Excerpted data START

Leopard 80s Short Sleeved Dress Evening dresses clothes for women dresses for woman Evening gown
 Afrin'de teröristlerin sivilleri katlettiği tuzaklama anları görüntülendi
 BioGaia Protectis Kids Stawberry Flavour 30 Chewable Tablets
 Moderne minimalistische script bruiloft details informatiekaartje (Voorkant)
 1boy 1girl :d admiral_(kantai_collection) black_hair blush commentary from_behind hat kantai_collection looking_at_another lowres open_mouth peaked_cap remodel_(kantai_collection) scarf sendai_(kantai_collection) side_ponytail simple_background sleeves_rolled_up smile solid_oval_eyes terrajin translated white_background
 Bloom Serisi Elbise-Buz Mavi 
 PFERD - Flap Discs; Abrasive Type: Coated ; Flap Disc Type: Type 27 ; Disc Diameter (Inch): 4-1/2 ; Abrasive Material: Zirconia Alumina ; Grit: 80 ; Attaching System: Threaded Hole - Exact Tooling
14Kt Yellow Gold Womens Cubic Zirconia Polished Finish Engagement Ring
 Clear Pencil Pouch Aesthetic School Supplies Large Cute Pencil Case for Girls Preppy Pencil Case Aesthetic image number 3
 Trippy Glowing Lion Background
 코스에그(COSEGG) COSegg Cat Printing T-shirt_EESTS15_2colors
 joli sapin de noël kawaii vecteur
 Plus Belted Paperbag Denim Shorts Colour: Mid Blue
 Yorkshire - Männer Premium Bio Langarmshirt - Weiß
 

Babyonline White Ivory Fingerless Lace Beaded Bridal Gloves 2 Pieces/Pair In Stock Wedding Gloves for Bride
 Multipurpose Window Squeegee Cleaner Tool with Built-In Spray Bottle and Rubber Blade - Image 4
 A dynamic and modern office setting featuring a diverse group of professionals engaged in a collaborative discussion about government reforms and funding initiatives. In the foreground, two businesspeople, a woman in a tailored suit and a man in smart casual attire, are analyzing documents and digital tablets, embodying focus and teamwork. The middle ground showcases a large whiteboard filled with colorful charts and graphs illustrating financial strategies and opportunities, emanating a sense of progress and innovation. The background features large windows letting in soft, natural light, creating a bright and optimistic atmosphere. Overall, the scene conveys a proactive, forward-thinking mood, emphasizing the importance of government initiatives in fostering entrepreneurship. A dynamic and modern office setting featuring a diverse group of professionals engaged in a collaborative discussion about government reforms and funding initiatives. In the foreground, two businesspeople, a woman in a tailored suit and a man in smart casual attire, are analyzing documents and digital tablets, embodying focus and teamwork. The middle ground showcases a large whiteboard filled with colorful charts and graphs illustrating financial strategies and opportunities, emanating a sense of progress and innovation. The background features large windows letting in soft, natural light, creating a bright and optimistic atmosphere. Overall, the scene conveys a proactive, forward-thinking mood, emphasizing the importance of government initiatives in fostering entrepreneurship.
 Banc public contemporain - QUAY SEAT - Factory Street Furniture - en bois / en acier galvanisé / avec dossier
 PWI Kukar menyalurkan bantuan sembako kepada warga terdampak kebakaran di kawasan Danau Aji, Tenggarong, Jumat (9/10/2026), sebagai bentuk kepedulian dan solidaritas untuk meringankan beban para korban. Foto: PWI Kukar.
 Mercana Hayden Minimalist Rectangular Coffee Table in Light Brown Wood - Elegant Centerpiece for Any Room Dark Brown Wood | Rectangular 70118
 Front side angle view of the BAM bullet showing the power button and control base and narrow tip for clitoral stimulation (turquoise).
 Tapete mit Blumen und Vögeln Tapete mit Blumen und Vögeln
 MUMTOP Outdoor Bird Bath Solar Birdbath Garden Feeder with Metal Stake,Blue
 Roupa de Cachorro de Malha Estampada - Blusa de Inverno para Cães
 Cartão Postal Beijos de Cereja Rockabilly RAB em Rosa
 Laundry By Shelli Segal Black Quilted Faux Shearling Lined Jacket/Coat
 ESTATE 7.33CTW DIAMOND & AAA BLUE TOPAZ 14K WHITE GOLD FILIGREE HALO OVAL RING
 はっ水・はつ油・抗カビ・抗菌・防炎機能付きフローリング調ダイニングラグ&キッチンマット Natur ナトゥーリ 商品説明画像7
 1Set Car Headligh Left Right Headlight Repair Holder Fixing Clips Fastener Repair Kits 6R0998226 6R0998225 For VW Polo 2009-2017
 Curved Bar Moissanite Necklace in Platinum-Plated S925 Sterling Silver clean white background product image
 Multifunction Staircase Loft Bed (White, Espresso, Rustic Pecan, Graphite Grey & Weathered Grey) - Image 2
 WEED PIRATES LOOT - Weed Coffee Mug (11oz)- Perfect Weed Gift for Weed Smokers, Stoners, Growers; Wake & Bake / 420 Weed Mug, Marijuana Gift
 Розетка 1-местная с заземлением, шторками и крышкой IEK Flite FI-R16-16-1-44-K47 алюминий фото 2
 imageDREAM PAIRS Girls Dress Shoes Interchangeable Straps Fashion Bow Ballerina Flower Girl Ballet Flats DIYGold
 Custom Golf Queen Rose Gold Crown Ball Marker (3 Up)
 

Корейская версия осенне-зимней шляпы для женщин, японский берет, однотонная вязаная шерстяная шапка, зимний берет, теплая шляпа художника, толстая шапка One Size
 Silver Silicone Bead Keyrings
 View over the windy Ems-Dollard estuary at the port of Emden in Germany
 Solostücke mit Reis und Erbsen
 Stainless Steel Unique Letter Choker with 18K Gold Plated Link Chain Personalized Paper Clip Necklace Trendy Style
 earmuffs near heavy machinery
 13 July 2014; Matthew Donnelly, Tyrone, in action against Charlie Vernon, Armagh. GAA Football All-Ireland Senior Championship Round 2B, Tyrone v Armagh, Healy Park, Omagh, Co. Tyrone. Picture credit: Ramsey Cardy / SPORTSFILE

Excerpted data END

■ **Problem requirements**:
Output the line containing "Cartão Postal Beijos" together with all later lines of the entries, exactly as written, through the final line.

■ **Exercise output**:
 Cartão Postal Beijos de Cereja Rockabilly RAB em Rosa
 Laundry By Shelli Segal Black Quilted Faux Shearling Lined Jacket/Coat
 ESTATE 7.33CTW DIAMOND & AAA BLUE TOPAZ 14K WHITE GOLD FILIGREE HALO OVAL RING
 はっ水・はつ油・抗カビ・抗菌・防炎機能付きフローリング調ダイニングラグ&キッチンマット Natur ナトゥーリ 商品説明画像7
 1Set Car Headligh Left Right Headlight Repair Holder Fixing Clips Fastener Repair Kits 6R0998226 6R0998225 For VW Polo 2009-2017
 Curved Bar Moissanite Necklace in Platinum-Plated S925 Sterling Silver clean white background product image
 Multifunction Staircase Loft Bed (White, Espresso, Rustic Pecan, Graphite Grey & Weathered Grey) - Image 2
 WEED PIRATES LOOT - Weed Coffee Mug (11oz)- Perfect Weed Gift for Weed Smokers, Stoners, Growers; Wake & Bake / 420 Weed Mug, Marijuana Gift
 Розетка 1-местная с заземлением, шторками и крышкой IEK Flite FI-R16-16-1-44-K47 алюминий фото 2
 imageDREAM PAIRS Girls Dress Shoes Interchangeable Straps Fashion Bow Ballerina Flower Girl Ballet Flats DIYGold
 Custom Golf Queen Rose Gold Crown Ball Marker (3 Up)
 

Корейская версия осенне-зимней шляпы для женщин, японский берет, однотонная вязаная шерстяная шапка, зимний берет, теплая шляпа художника, толстая шапка One Size
 Silver Silicone Bead Keyrings
 View over the windy Ems-Dollard estuary at the port of Emden in Germany
 Solostücke mit Reis und Erbsen
 Stainless Steel Unique Letter Choker with 18K Gold Plated Link Chain Personalized Paper Clip Necklace Trendy Style
 earmuffs near heavy machinery
 13 July 2014; Matthew Donnelly, Tyrone, in action against Charlie Vernon, Armagh. GAA Football All-Ireland Senior Championship Round 2B, Tyrone v Armagh, Healy Park, Omagh, Co. Tyrone. Picture credit: Ramsey Cardy / SPORTSFILE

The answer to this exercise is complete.